=== Begin Enclosure ===

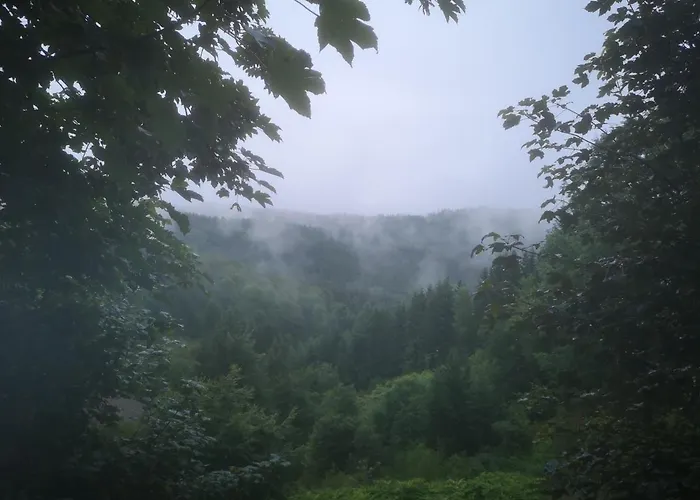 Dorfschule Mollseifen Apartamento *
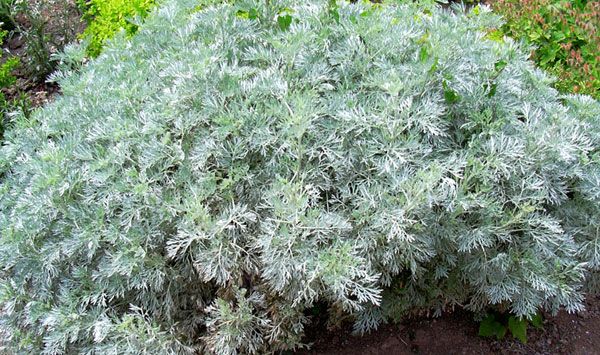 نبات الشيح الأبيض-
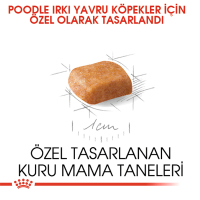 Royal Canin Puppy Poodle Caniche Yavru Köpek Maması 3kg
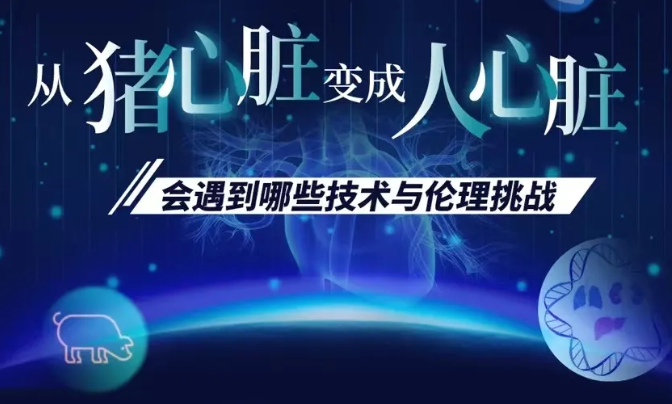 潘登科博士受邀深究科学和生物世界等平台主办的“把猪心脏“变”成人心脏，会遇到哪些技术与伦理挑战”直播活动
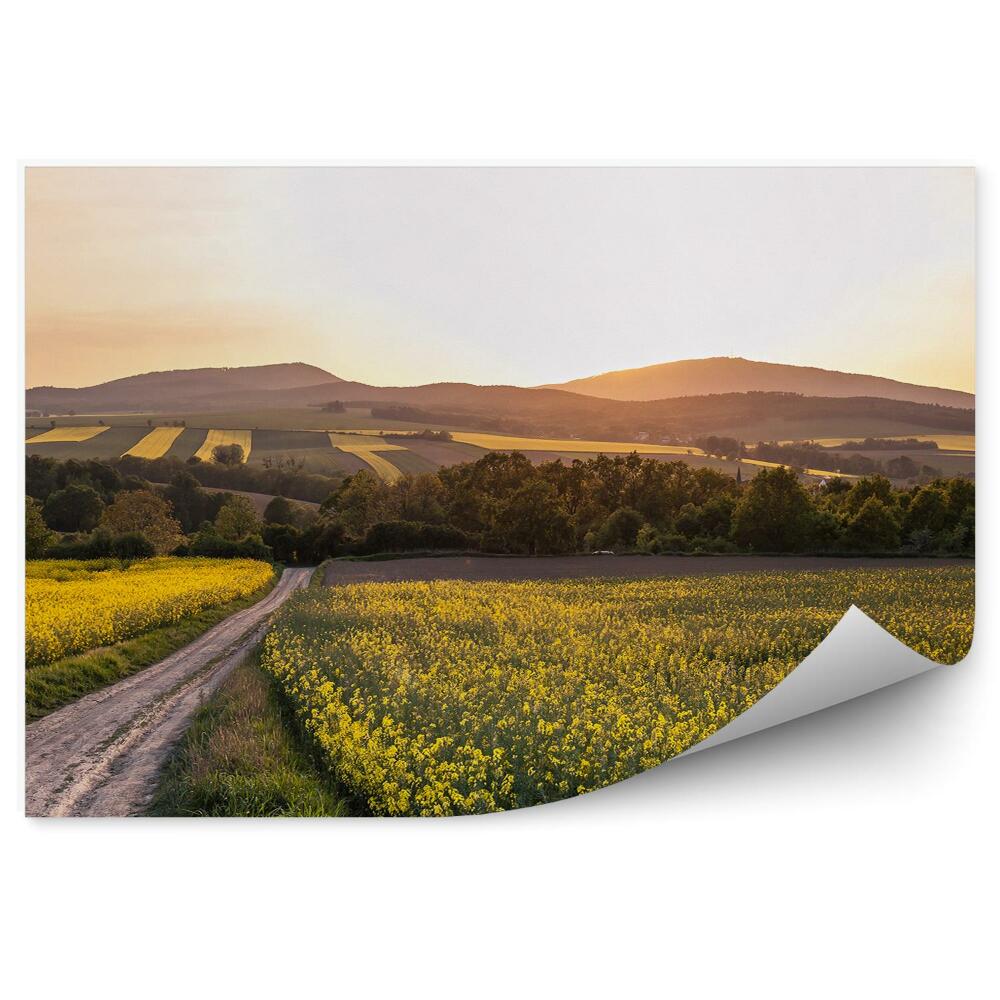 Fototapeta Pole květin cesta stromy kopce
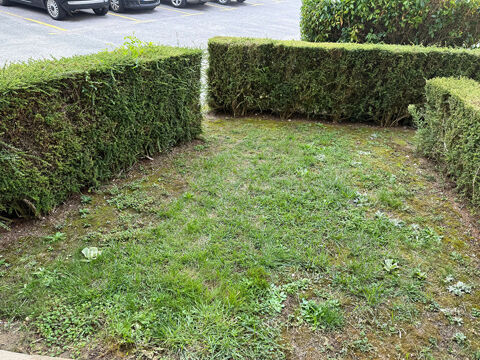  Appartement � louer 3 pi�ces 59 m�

=== End Enclosure ===

WORK ITEM: Take the line that contains "Fototapeta Pole květin cesta stromy kopce" as the first and the last line of the records as the end, and please quote those lines exactly, pictures omitted.

EXERCISE OUTPUT:
 Fototapeta Pole květin cesta stromy kopce
  Appartement � louer 3 pi�ces 59 m�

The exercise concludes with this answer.